WHAT IS EXPECTED: For this exercise, repeat the whole listing below exactly. Leave the pictures out.

DATA EXTRACTS below:

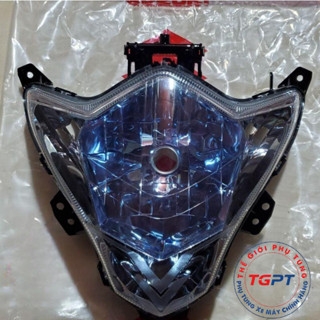 Đèn pha - Chóa đèn Raider 150 - Satria Fu chóa xanh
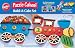 Wilton Puzzle Cake, Transportation Silicone Puzzle Set
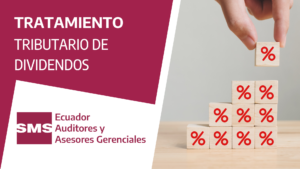 TRATAMIENTO TRIBUTARIO DE DIVIDENDOS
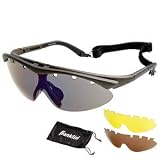  : Franklin Sports 2752 MLB 3 Lens, Flip-Up Sunglasses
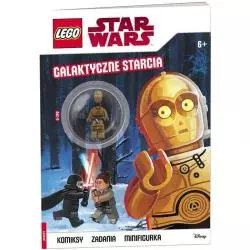 LEGO STAR WARS. GALAKTYCZNE STARCIA + FIGURKA 6+ - Ameet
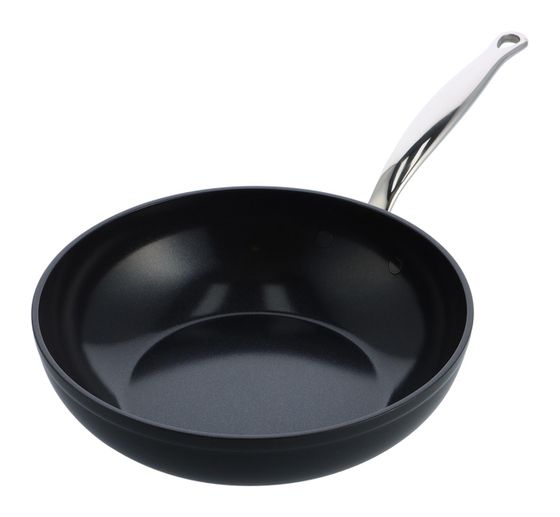 GreenPan Barcelona Pro Wokpfanne 28cm   (Schwarz) f&uuml;r 94,99 Euro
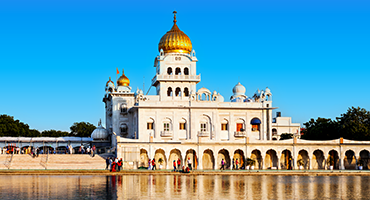 Gurudwara, New Dehli, India Gurudwara, New Dehli, India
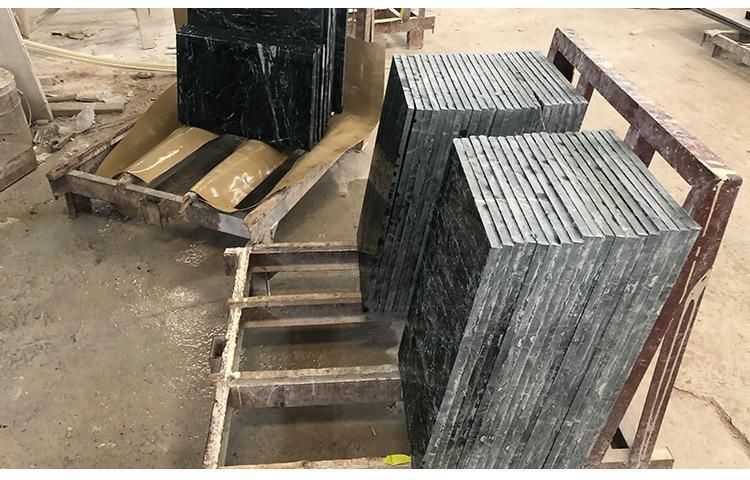 Grey/White/Black/Red/Brown/Green/Golden/Yellow Popular Chinese Dark Green Marble for Wall/Floor/Countertop Slab Panels for Home/Hotel Decoration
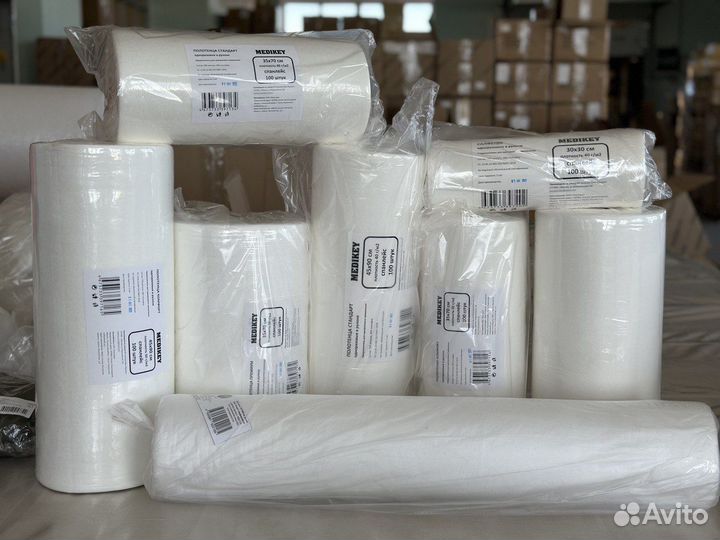 Полотенца тканевые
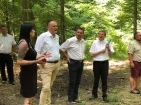 2021LokalaugenscheinWaldSchandorfAusgrabungFotoGodi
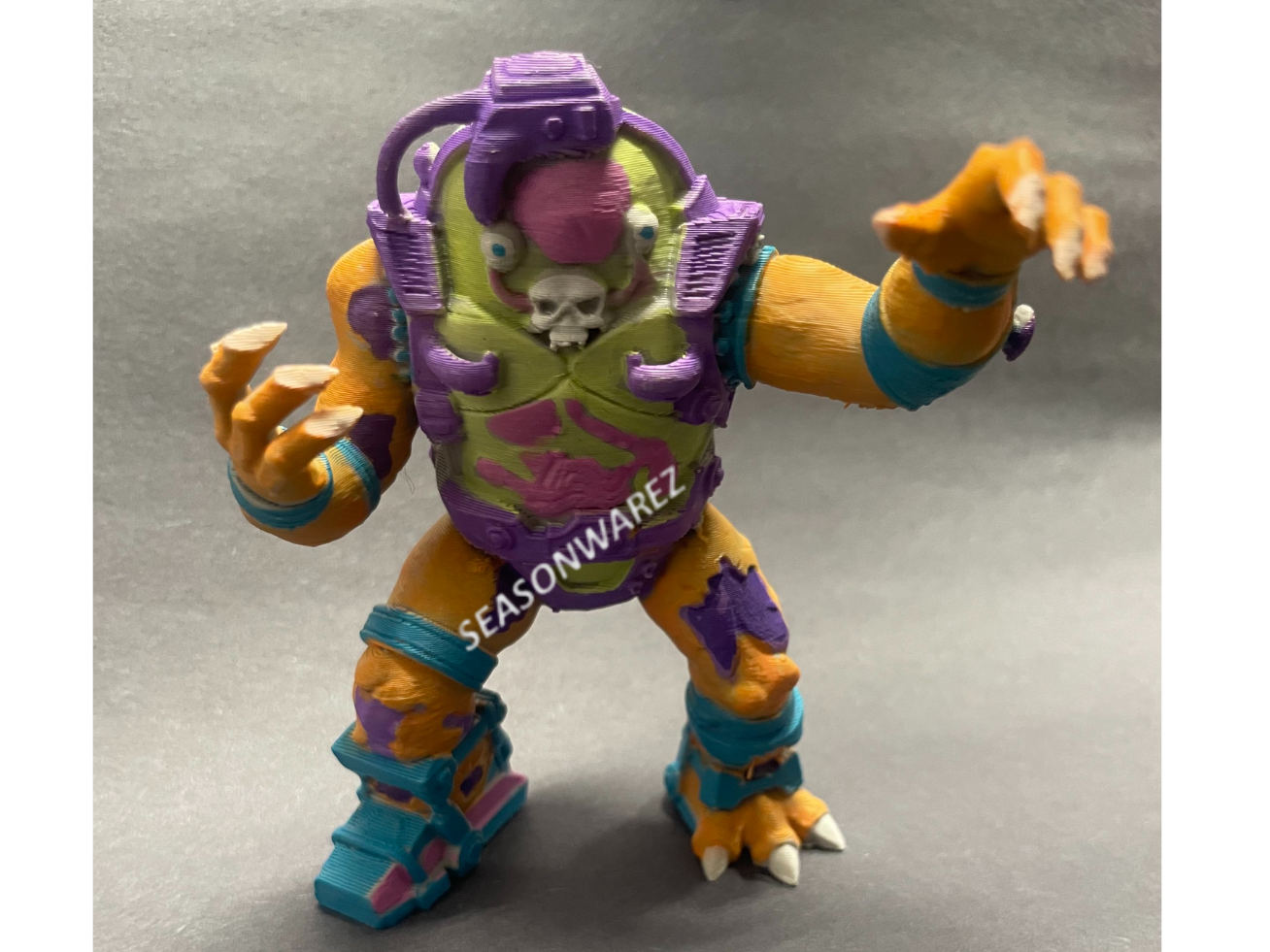 Mutagen Man - The Mutated Victim (TMNT Toy)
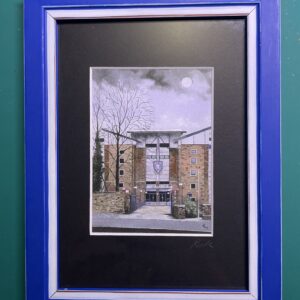 Framed Sheffield Wednesday Print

End of DATA EXTRACTS.

ANSWER SPACE:
 Đèn pha - Chóa đèn Raider 150 - Satria Fu chóa xanh
 Wilton Puzzle Cake, Transportation Silicone Puzzle Set
 TRATAMIENTO TRIBUTARIO DE DIVIDENDOS
  : Franklin Sports 2752 MLB 3 Lens, Flip-Up Sunglasses
 LEGO STAR WARS. GALAKTYCZNE STARCIA + FIGURKA 6+ - Ameet
 GreenPan Barcelona Pro Wokpfanne 28cm   (Schwarz) f&uuml;r 94,99 Euro
 Gurudwara, New Dehli, India Gurudwara, New Dehli, India
 Grey/White/Black/Red/Brown/Green/Golden/Yellow Popular Chinese Dark Green Marble for Wall/Floor/Countertop Slab Panels for Home/Hotel Decoration
 Полотенца тканевые
 2021LokalaugenscheinWaldSchandorfAusgrabungFotoGodi
 Mutagen Man - The Mutated Victim (TMNT Toy)
 Framed Sheffield Wednesday Print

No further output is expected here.